The venerable series returns with upgrades in several areas. First, bless effects are available when setting up your pretender god. The random map generator has been improved, and the graphics for the map and interface are much clearer, upgraded for higher-resolution displays. Recruitment points are now required for obtaining units (in addition to money and resources). The non-interactive combat is now “real-time”, where simultaneous actions (like moving and shooting) can occur at the same time. The fantastic core gameplay remains: choose one of the many nations, design your pretender god, expand by attacking surrounding provinces containing magic sites, defend new territories with a garrison to keep unrest low, build forts to collect nearby resources, spread dominion with temples and preaching, construct labs to research new spells, cast local and global rituals, recruit new units and hire mercenaries, set up army formations and battle orders, equip leaders with magical items, watch automated battles, and try to survive against the very capable AI. Much like its predecessor, Dominions 5 is more like an incremental upgrade, but overall it is a fantastic, feature-filled strategy game.

Wednesday, November 15, 2017

American Truck Simulator: New Mexico Gameplay Review

I'm playing American Truck Simulator: New Mexico, a driving and management simulation by SCS Software.

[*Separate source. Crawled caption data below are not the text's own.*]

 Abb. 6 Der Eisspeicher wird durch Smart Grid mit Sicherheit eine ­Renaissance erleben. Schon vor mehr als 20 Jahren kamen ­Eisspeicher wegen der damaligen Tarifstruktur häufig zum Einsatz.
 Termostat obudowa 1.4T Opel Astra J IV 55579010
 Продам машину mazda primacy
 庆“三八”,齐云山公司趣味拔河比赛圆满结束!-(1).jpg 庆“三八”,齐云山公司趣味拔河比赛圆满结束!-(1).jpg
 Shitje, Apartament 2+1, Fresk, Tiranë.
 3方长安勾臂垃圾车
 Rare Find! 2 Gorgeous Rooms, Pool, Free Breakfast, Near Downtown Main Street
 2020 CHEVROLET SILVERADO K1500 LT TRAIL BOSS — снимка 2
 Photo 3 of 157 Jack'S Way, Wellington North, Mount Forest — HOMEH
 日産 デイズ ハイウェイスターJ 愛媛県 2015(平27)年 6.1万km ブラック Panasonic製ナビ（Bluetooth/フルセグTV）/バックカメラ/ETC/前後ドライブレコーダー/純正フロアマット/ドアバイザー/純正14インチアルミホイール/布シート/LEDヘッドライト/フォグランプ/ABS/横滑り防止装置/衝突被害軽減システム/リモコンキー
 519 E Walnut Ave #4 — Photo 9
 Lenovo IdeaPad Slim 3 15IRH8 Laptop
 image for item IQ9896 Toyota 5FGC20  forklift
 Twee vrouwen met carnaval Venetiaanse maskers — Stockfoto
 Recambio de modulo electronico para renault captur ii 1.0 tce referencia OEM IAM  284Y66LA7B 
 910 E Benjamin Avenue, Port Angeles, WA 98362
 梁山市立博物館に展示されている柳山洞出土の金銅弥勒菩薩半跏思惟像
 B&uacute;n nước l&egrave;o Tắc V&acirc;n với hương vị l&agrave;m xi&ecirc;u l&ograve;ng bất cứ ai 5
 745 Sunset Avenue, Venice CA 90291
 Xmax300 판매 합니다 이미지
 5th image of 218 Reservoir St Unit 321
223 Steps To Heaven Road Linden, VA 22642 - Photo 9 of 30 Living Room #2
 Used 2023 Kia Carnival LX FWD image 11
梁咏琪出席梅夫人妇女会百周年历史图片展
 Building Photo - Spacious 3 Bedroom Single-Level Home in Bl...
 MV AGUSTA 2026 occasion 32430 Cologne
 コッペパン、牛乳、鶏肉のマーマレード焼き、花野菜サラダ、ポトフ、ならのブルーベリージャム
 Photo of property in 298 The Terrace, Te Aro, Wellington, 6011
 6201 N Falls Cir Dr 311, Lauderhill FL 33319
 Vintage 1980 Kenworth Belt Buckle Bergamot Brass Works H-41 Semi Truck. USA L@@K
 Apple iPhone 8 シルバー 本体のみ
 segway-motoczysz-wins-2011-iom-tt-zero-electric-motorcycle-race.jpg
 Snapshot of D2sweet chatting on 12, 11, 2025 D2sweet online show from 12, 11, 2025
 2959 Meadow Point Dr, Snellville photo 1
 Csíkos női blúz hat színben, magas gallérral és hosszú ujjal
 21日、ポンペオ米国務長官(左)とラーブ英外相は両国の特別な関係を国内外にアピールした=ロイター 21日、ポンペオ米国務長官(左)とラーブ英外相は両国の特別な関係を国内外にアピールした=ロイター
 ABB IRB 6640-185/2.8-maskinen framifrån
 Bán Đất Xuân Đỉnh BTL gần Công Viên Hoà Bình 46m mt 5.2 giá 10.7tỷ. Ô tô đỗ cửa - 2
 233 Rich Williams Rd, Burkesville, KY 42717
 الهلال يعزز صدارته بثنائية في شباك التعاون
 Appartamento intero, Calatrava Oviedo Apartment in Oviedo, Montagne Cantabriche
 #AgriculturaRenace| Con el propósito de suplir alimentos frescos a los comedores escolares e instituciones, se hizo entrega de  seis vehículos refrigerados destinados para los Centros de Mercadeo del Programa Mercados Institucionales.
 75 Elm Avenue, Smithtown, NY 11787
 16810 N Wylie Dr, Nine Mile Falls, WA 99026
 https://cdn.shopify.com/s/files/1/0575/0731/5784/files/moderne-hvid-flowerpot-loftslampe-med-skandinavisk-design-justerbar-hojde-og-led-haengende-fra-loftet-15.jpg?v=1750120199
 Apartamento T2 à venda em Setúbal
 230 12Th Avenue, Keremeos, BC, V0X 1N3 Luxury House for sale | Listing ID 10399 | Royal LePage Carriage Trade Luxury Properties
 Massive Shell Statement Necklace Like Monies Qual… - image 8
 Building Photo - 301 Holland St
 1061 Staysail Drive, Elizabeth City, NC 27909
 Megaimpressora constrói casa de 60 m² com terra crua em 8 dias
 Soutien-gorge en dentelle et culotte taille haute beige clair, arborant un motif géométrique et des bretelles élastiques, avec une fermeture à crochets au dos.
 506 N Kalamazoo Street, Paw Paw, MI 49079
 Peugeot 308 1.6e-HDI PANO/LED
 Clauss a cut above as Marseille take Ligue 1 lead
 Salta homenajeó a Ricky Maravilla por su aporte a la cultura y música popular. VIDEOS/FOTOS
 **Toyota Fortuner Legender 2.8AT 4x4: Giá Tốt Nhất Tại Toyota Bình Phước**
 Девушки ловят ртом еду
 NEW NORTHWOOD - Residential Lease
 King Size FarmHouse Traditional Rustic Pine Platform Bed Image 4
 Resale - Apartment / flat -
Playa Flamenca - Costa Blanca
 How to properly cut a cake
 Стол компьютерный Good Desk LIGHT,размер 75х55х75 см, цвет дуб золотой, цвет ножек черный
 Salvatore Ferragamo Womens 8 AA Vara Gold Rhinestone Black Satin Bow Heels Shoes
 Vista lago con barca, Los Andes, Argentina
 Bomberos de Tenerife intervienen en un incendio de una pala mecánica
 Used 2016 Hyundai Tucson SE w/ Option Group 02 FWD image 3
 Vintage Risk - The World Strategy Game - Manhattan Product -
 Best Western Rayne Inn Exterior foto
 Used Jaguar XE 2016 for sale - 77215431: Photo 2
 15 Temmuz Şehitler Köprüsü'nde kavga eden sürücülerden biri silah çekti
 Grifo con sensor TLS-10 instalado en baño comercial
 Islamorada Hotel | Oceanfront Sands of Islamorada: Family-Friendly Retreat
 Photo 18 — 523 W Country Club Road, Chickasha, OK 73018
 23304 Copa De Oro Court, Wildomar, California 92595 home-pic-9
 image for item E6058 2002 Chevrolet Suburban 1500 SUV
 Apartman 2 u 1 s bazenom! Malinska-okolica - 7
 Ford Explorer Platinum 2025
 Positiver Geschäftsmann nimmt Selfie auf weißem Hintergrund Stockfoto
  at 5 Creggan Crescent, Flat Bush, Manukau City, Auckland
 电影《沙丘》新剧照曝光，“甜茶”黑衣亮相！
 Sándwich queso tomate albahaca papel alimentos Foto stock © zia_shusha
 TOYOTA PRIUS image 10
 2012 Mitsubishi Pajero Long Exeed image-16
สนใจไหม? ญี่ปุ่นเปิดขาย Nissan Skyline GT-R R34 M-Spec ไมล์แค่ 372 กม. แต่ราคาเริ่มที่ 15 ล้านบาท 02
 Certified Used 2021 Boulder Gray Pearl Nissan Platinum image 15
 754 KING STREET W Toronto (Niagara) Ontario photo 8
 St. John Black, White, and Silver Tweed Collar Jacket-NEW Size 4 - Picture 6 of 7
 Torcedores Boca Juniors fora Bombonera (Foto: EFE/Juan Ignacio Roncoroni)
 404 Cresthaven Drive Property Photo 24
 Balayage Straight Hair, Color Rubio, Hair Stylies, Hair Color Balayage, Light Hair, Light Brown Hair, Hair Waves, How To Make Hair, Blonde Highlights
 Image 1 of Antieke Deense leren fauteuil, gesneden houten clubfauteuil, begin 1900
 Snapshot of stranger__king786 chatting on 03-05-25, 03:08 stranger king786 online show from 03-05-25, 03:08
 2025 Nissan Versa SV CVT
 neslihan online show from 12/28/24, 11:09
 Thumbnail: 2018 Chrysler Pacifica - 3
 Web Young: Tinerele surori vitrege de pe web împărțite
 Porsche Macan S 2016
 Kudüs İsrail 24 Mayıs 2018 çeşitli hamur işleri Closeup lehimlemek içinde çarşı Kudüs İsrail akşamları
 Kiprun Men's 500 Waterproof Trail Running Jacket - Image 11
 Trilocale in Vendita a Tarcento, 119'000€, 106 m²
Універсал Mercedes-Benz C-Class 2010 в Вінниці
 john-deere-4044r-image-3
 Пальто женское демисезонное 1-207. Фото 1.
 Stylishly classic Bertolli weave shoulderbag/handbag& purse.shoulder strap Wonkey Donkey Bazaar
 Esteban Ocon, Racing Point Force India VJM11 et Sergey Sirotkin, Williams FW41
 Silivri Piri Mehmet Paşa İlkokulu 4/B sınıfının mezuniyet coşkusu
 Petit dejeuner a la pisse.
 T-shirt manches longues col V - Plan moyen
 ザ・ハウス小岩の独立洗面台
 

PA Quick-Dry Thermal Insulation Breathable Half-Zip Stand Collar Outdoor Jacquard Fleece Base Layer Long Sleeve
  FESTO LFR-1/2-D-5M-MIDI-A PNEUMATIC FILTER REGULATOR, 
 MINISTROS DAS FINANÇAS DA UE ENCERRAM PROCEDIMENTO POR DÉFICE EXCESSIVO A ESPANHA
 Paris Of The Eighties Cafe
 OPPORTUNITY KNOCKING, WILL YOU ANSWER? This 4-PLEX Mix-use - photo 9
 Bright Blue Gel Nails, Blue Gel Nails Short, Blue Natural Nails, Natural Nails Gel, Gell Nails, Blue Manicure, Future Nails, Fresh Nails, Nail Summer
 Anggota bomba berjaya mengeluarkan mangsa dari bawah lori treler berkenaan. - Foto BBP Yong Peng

The first paid expansion for the game, the game now includes an entire new state to drive through, including very accurate expressway interchanges and a variety of truck stops. In addition, there are new roadside events (construction, wrecks, cops pulling people over) to gawk at during a drive through the Land of Enchantment. New Mexico in American Truck Simulation has a high level of detail and expands the game well.

Tuesday, November 07, 2017

Mare Nostrvm Gameplay Review

I'm playing Mare Nostrvm, a turn-based naval strategy game by Turnopia and Slitherine.



The game features twenty-four historic battles scattered across nine campaigns; victory is (thankfully) not required in order to advance to the next mission. Skirmish battles are also available against the AI, and online multiplayer utilizes Slitherine’s PBEM system. The interface badly needs a “next unit” button to find ships that can be issued orders in large, chaotic battles. Fourteen ship types can be equipped with a variety of weapons for firing upon and boarding the enemy. Ships must be near their commander to receive orders, requiring some organization during each conflict. Movement orders are placed on the map, along with choosing to ram or grapple and board the enemy ships (the decision of which should be based on the attributes and orientations of the ships involved). Ships will automatically fire on nearby enemies. The AI is skilled at the game, providing a competent opponent. Though repetitive and lacking some interface features, Mare Nostrvm is effective at displaying the chaos of ancient naval battles.